Das Sozialplanverfahren wird aufgrund einer Vereinbarung der Senatsverwaltung mit der Eigentümerin durchgeführt. Die Mieter mussten dabei den Eindruck bekommen, dass der Abriss des Hauses unabänderlich sei und es nur noch um die Modalitäten ihres Auszuges ginge. Ihnen wurde nicht gesagt, dass sie tatsächlich keineswegs umziehen müssen. Als die Firma B.Ä.R. die Gebäude im Jahr 2002 von der landeseigenen Wohnungsbaugesellschaft WBM erwarb, wurde im Kaufvertrag nämlich festgehalten, dass die Mieter nicht wegen „Hinderung einer angemessenen wirtschaftlichen Verwertung“ gekündigt werden dürfen. Solange sie nicht freiwillig ausziehen, kann also nicht abgerissen werden.
Über diese Mieterschutzklausel sind die Mieter allerdings zunächst nicht informiert worden. Dass die Senatsverwaltung dennoch das Sozialplanverfahren eingeleitet hat, ist ein irritierender Vorgang – sitzt doch der Senat im Aufsichtsrat der WBM und soll dort die Einhaltung der geschlossenen Verträge überwachen. Erst nachdem die Existenz der Mieterschutzklausel durchsickerte und es seitens der Bürgerinitiative Wilhelmstraße Protest hagelte, entschuldigte sich die Senatsverwaltung für den fehlenden Hinweis auf den zusätzlichen Kündigungsschutz.
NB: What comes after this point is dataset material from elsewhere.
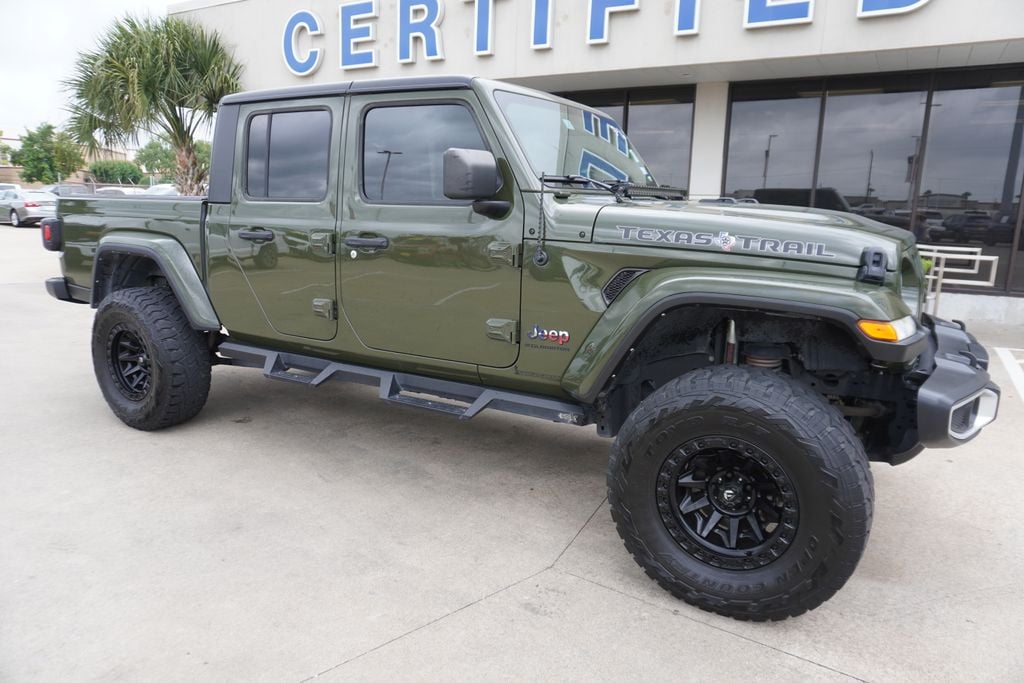 2023 Jeep Gladiator Texas Trail's photo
Im November zeigten sich im Bauausschuss des Abgeordnetenhauses alle Parteien einig, dass die Vernichtung der erst 22 Jahre alten Wohnanlage verhindert werden muss. Den Abriss zu verbieten, ist rechtlich schwierig, deshalb hofft die Politik darauf, dass die Bewohner von ihrem Bleiberecht Gebrauch machen werden.
Deren Standhaftigkeit wird aber von der Eigentümerin auf die Probe gestellt. Die 44 verbliebenen Mieter berichten von vernachlässigter Instandhaltung, verdreckten Treppenhäusern, vermüllten Außenanlagen und Lärm – Beeinträchtigungen, die vor allem auf die Hotelnutzung der Gebäude zurückzuführen sind. Hier werden – wie auch in den benachbarten Plattenbauten der B.Ä.R. – seit Jahren Wohnungen im großen Stil als Ferienapartments zweckentfremdet. Die Bürgerinitiative fordert die Beendigung der Hotelnutzung sowie den Rückkauf der gesamten Wohnanlage und die Überführung in eine Genossenschaft.